Birkbeck supports new lunar mission
Lunar Mission One is an exploratory robotic mission
Birkbeck is supporting an exciting new project, launched today (19 November 2014) called Lunar Mission One, which aims to send a spacecraft to the South Pole of the Moon.
Lunar Mission One is an exploratory robotic mission that will use pioneering drilling technology to drill down to a depth of at least 20m – almost ten times deeper than has ever been drilled on the moon before. They will access lunar rock dating back up to 4.5 billion years and carry out scientific experiments that will provide significant new insights into the origins and evolution of the Moon and Earth. Scientists in Birkbeck’s Department of Earth and Planetary Sciences are already involved in studying rock samples from the Moon’s crust to uncover its geological history and evolution. The Lunar Mission One would provide geological measurements from far deeper within the Moon, enabling scientists to increase their understanding of the history of the inner solar system and the geological evolution of rocky planets.
Public funding for these types of mission is limited, so the project will make use of crowdfunding – which includes sales of space in an innovative 21st-century time capsule – to finance the mission. The time capsule will be buried on the South Pole of the Moon as part of the mission and will include a public archive – a digital record of human history and civilisation, and a scientific description of the biosphere with a database of species. The money raised from the crowdfunding will be combined with commercial support to finance the mission costs.
It is also hoped that funds generated by the project will create a long-term legacy – funding a global education programme and establishing a Trust to fund future space missions, changing the way we explore space in the future.
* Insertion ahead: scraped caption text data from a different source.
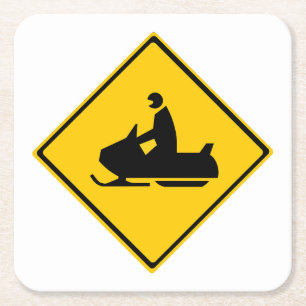 Road Snowmobile Warning Sign Snow Winter Square Paper Coaster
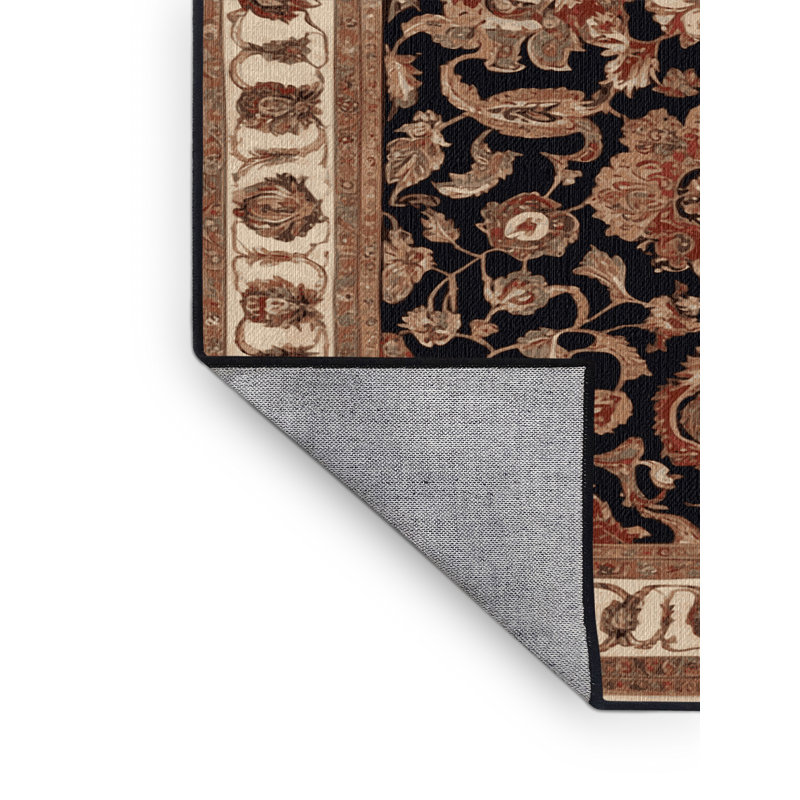 Tapis brun lavable à la machine, Rond 4 pi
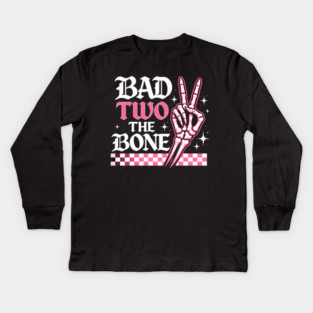 Bad Two The Bone Skeleton Peace Sign Funny Kids Long Sleeve T-Shirt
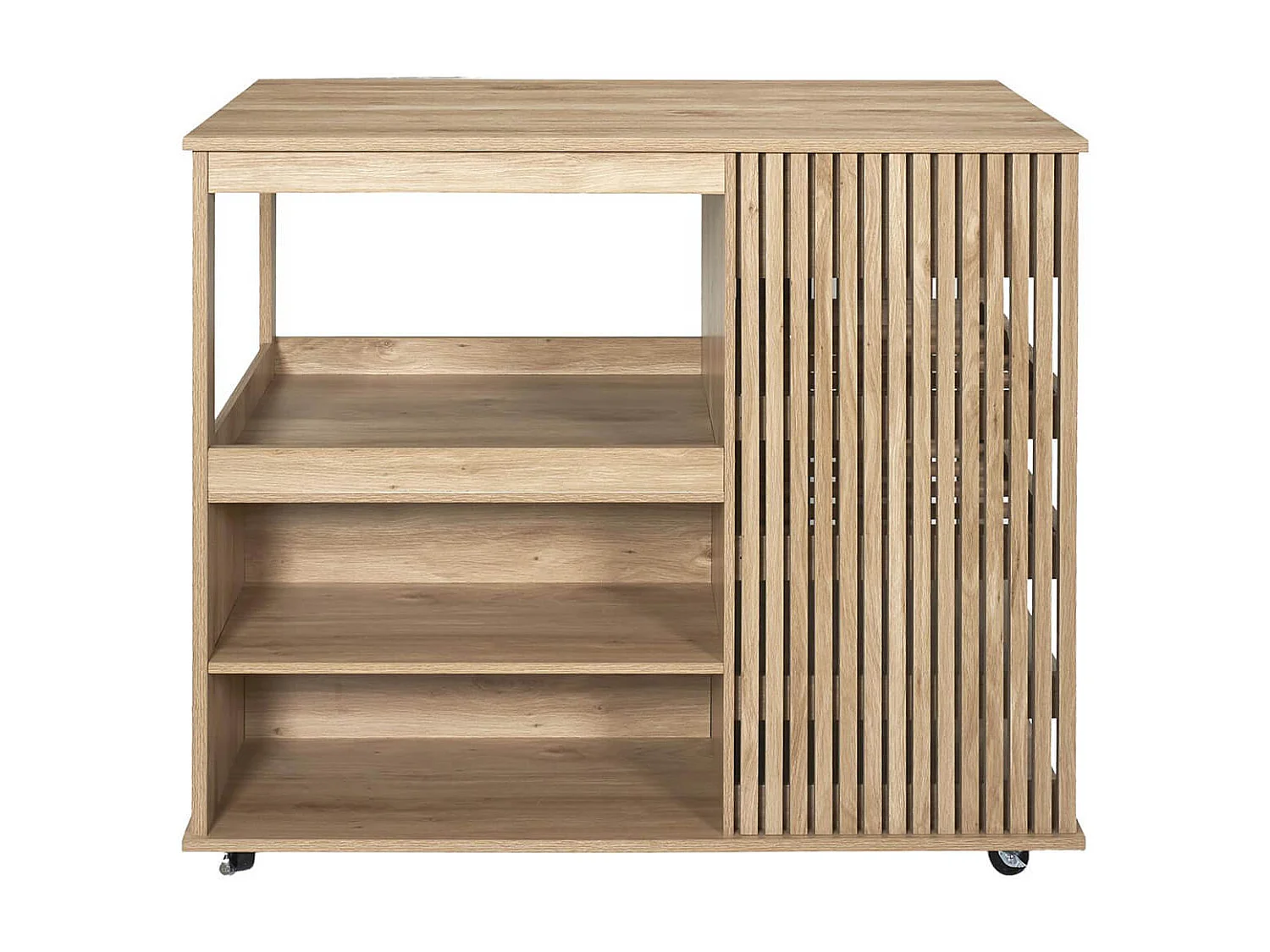 PAJAN - Ilot de Cuisine Multi-Rangement Effet Bois avec Tasseaux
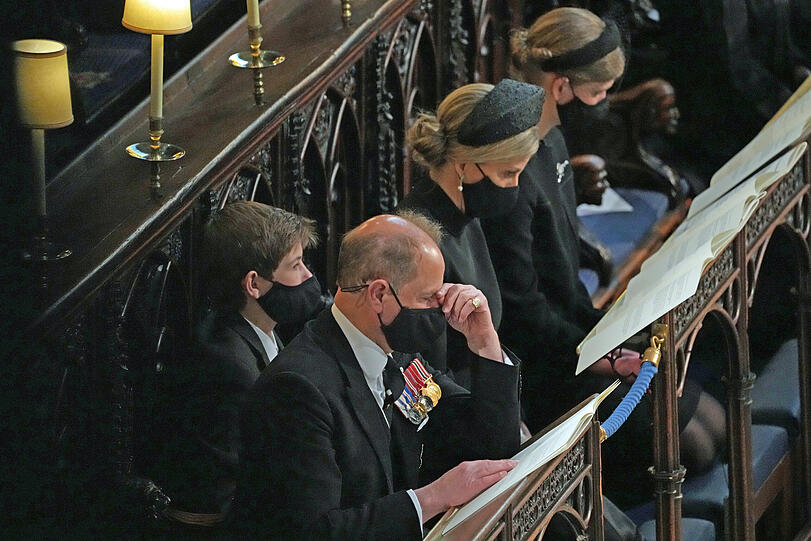 Prinz Edward und Ehefrau Sophie, Gräfin von Wessex, mit den beiden Kindern James und Louise.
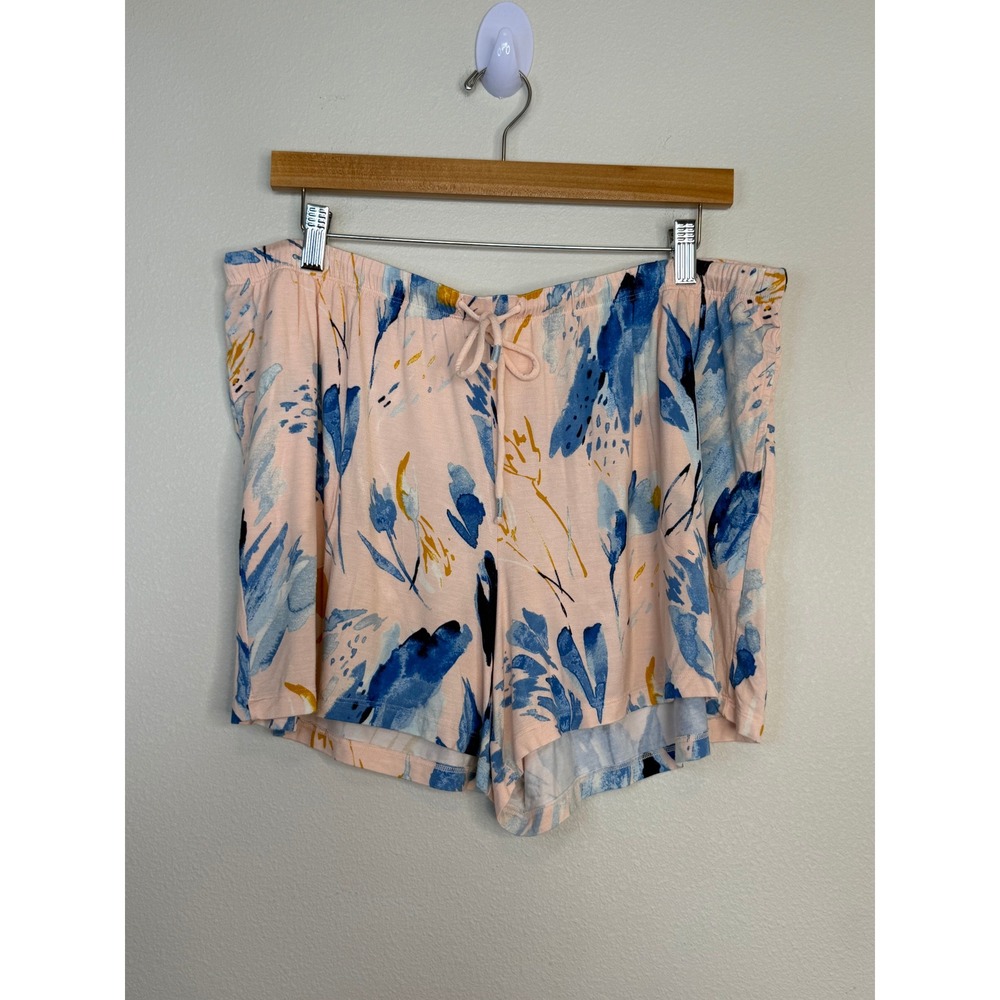 Soma Cool Nights Pajama Set XL Pink Blue Floral Short Sleeve Shirt Shorts 2pc - Picture 4 of 6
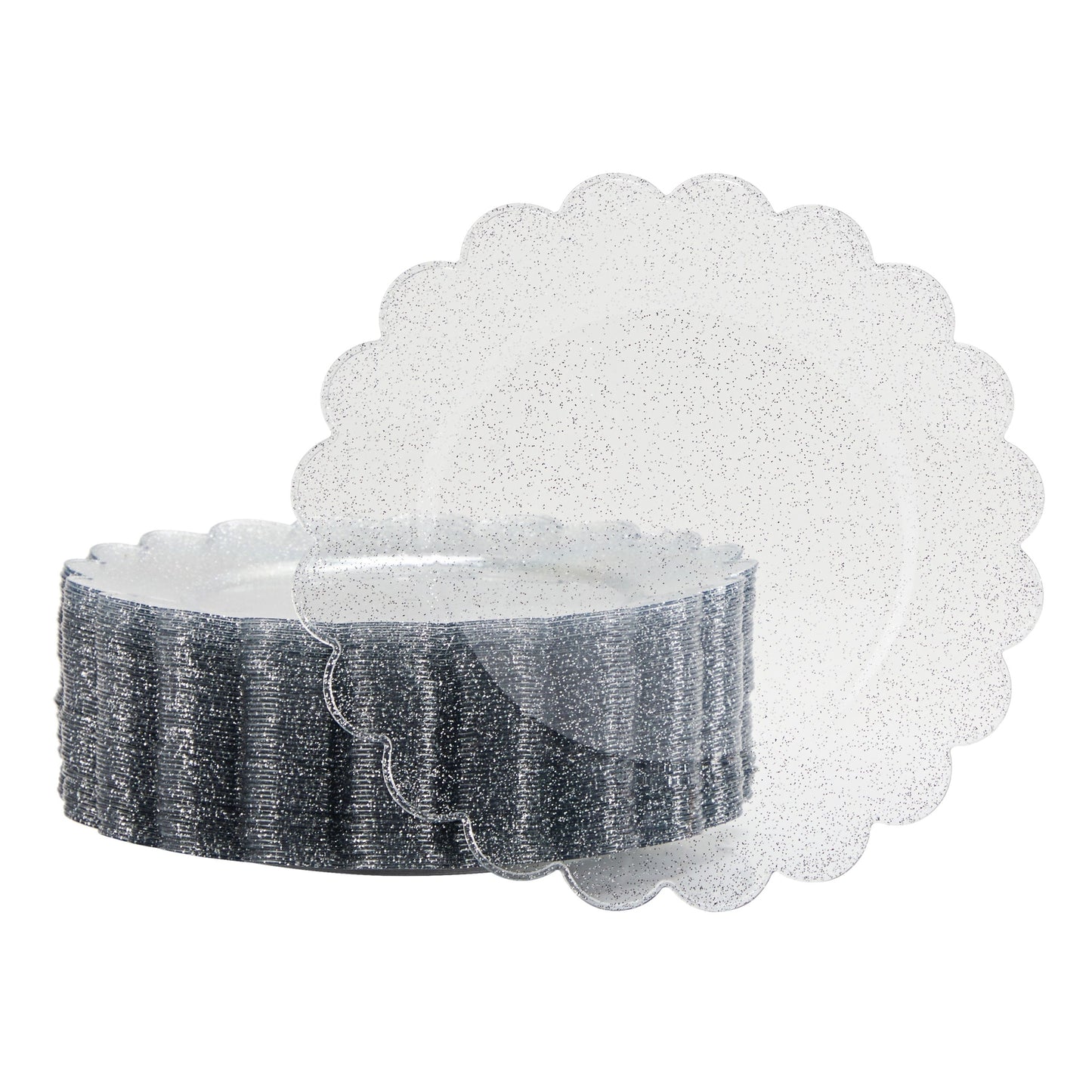 50 Pack Silver Plastic Plates for Party Supplies, 9 Inch Disposable Silver Glitter Plastic Plates with Scalloped Edges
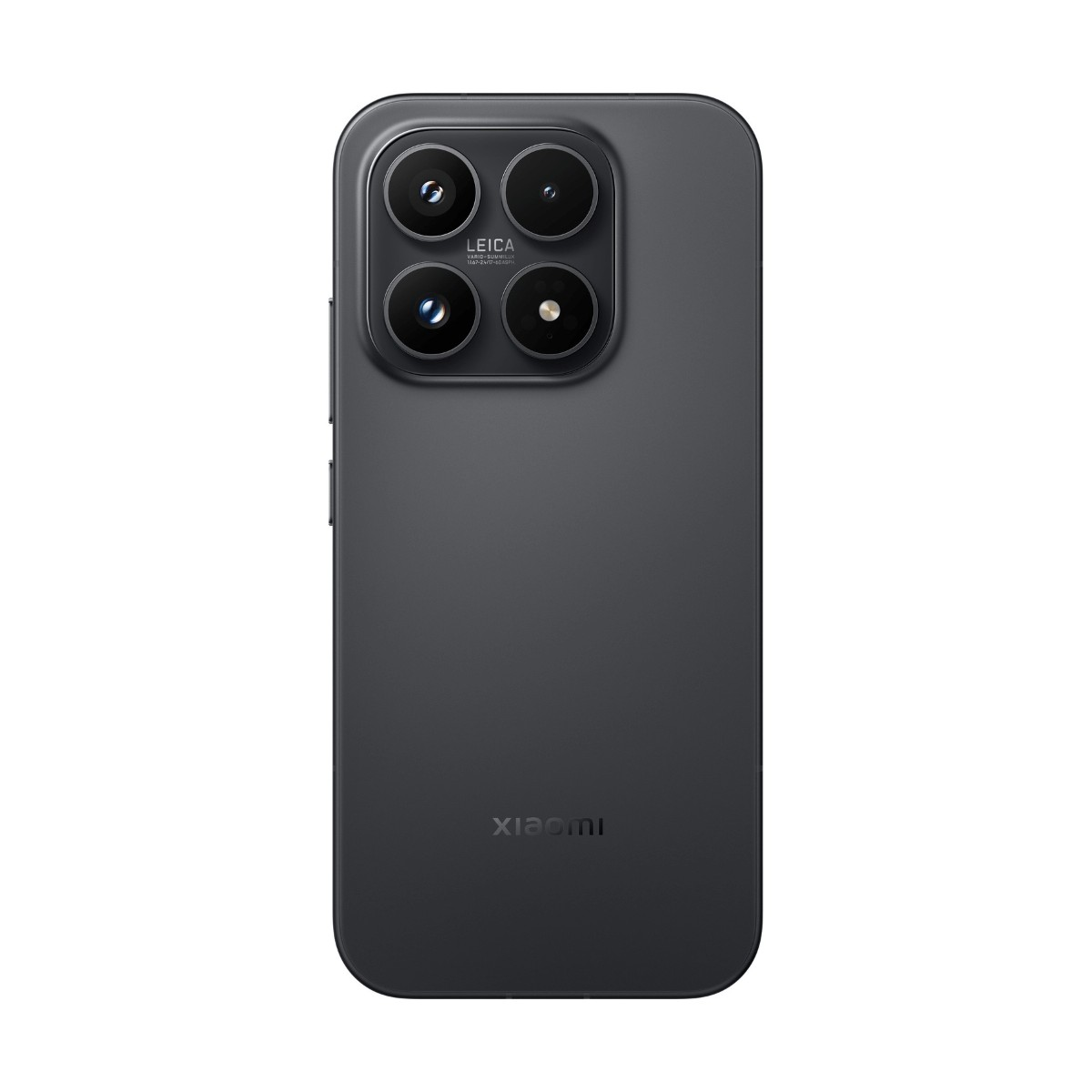 Retro di uno smartphone Xiaomi grigio scuro con un modulo fotocamera quadruplo quadrato e marchio Leica.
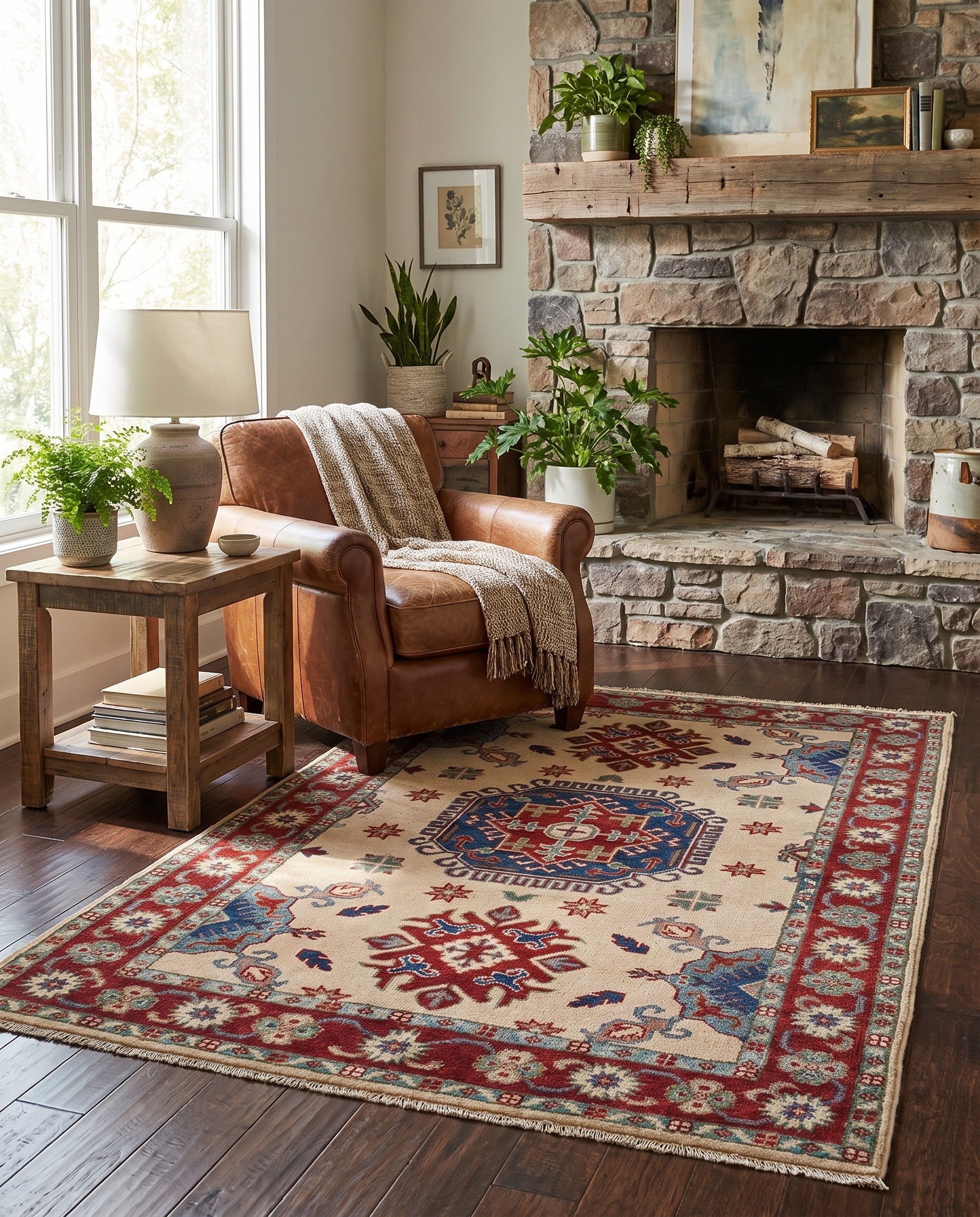 3' 4 x 5' 2 Hand Knotted Kazak Rug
Professor Ian Crawford, from Birkbeck’s Department of Earth and Planetary Sciences, who has been advising on the project said: “Lunar Mission One offers some extraordinary opportunities to learn about the geological history of the Moon, and to perform a number of lunar geophysical measurements. These will help us better understand the origin and history of the Earth-Moon system, and therefore the history of our own planet. The project will also pioneer the development of new technologies to enable us to carry out automated scientific drilling on other planets, for example Mars, in the future. Perhaps most exciting of all, Lunar Mission One may herald a new age of public participation in space exploration from which science and education, and indeed our wider culture, can only benefit.”